Start of Records supplied

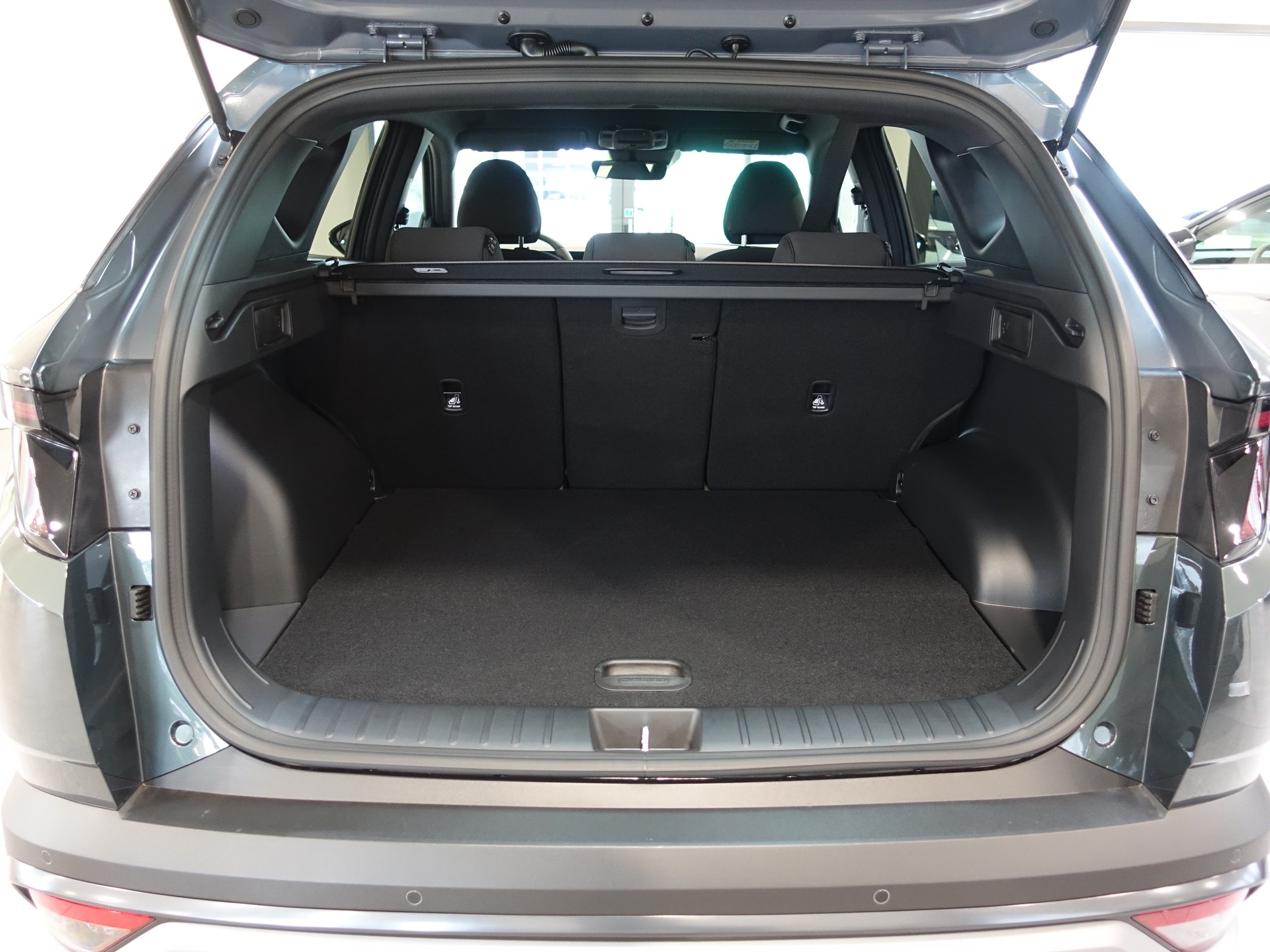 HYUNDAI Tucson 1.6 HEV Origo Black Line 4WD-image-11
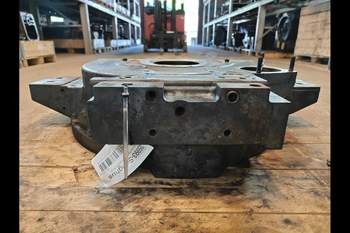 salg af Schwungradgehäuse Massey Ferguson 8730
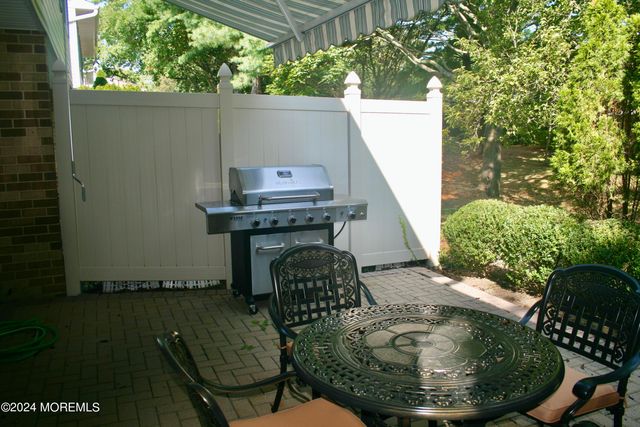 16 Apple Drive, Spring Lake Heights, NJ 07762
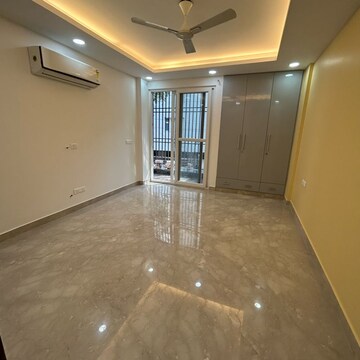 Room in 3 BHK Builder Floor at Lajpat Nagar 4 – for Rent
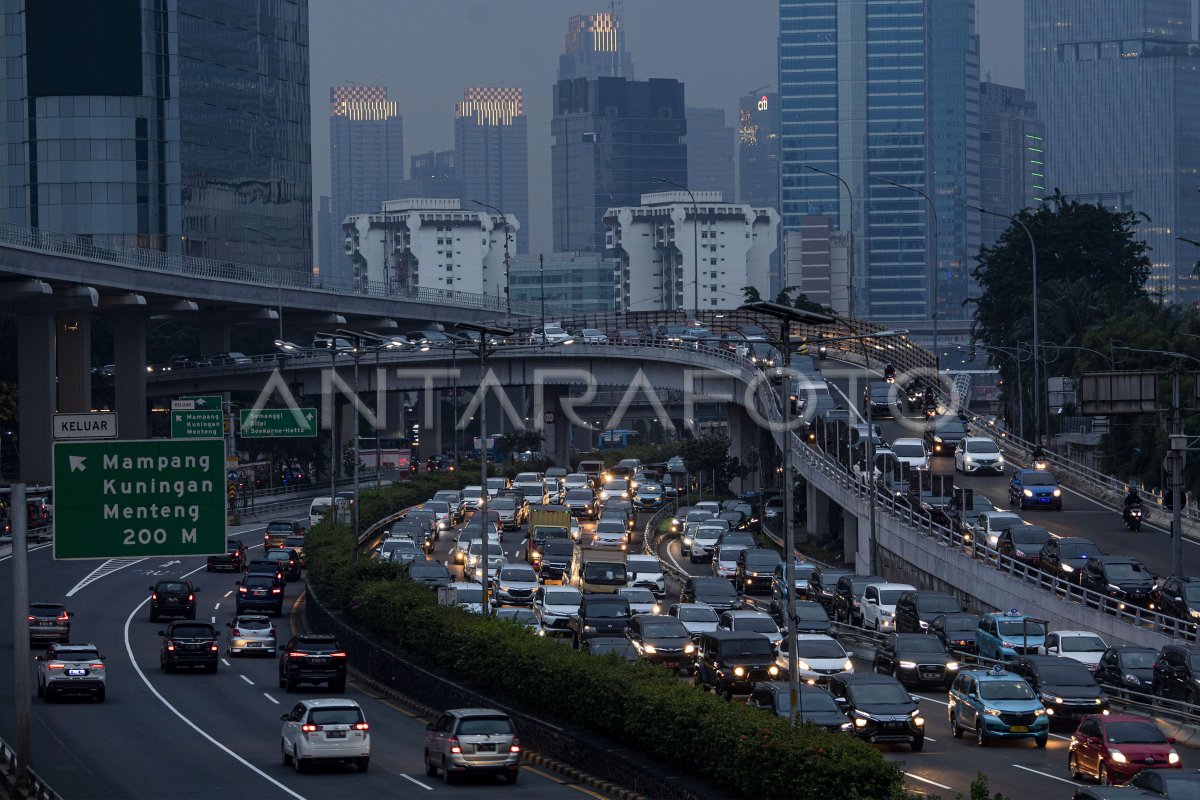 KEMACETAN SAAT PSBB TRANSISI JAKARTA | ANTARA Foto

End of Records supplied
Start of Records supplied

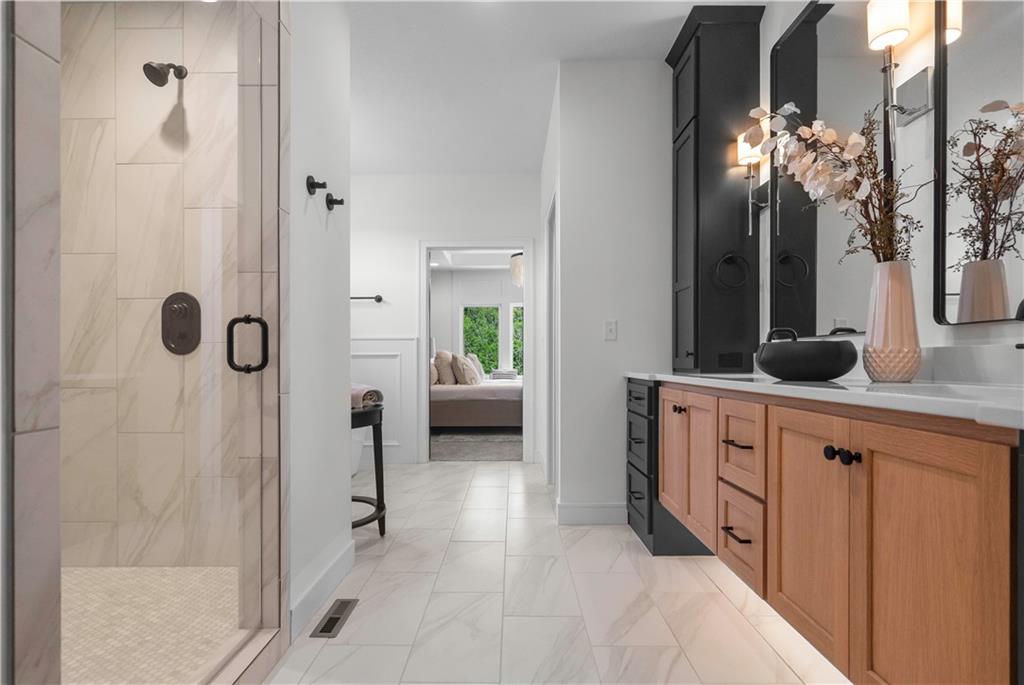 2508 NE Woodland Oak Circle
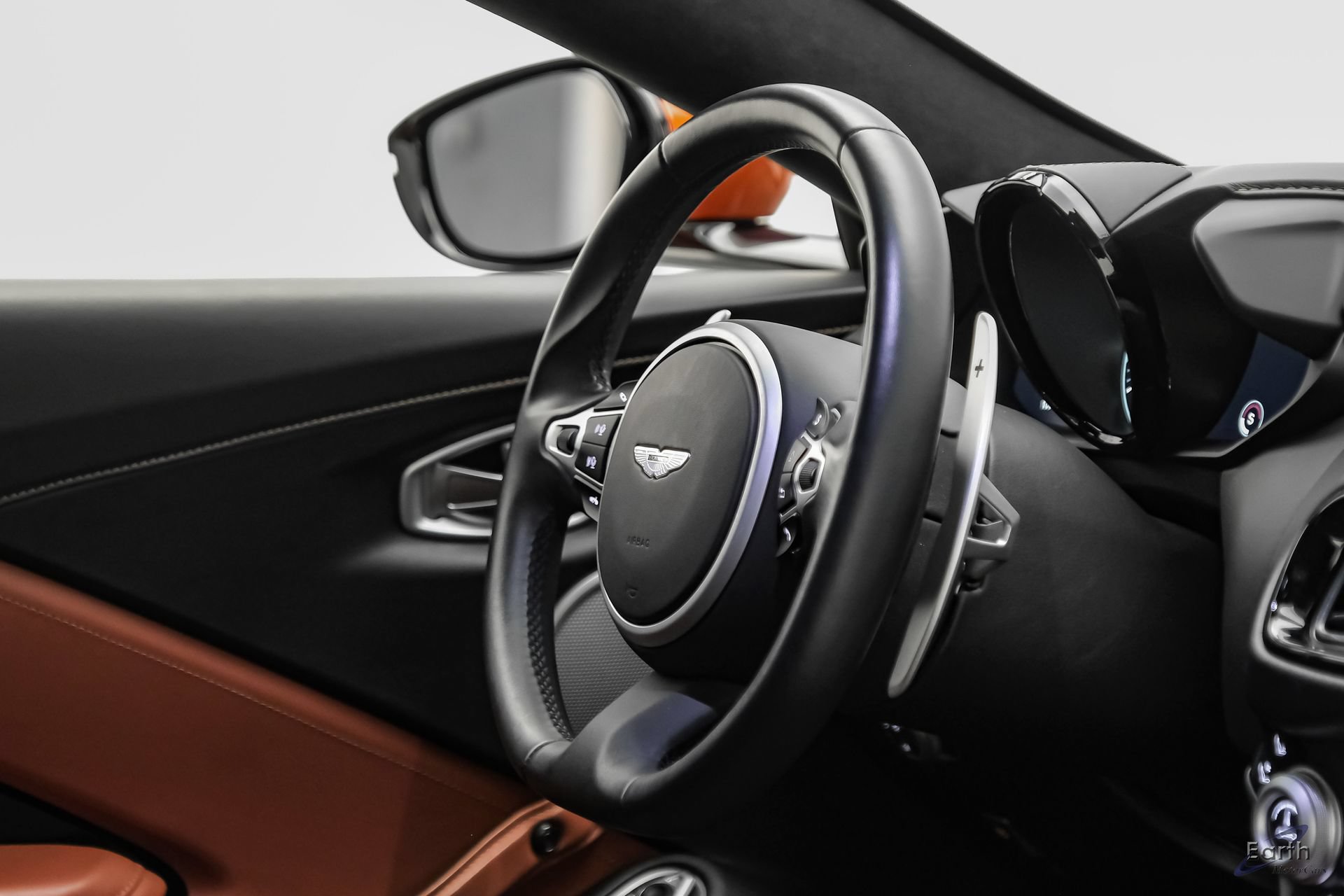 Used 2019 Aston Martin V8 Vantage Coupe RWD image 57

End of Records supplied
Start of Records supplied

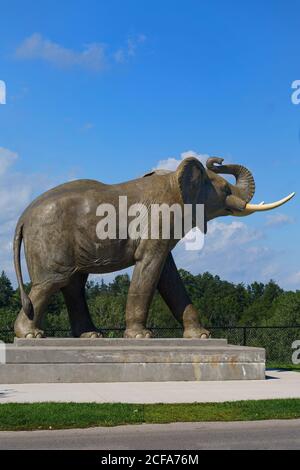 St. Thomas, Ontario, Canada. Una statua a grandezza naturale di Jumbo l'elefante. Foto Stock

End of Records supplied

◆ Work instructions
Return only the part above that opens with the line containing "Room in 3 BHK" and closes with the line containing "KEMACETAN SAAT PSBB", exactly and with both ends, skipping the pictures.

◆ Written response
 Room in 3 BHK Builder Floor at Lajpat Nagar 4 – for Rent
 KEMACETAN SAAT PSBB TRANSISI JAKARTA | ANTARA Foto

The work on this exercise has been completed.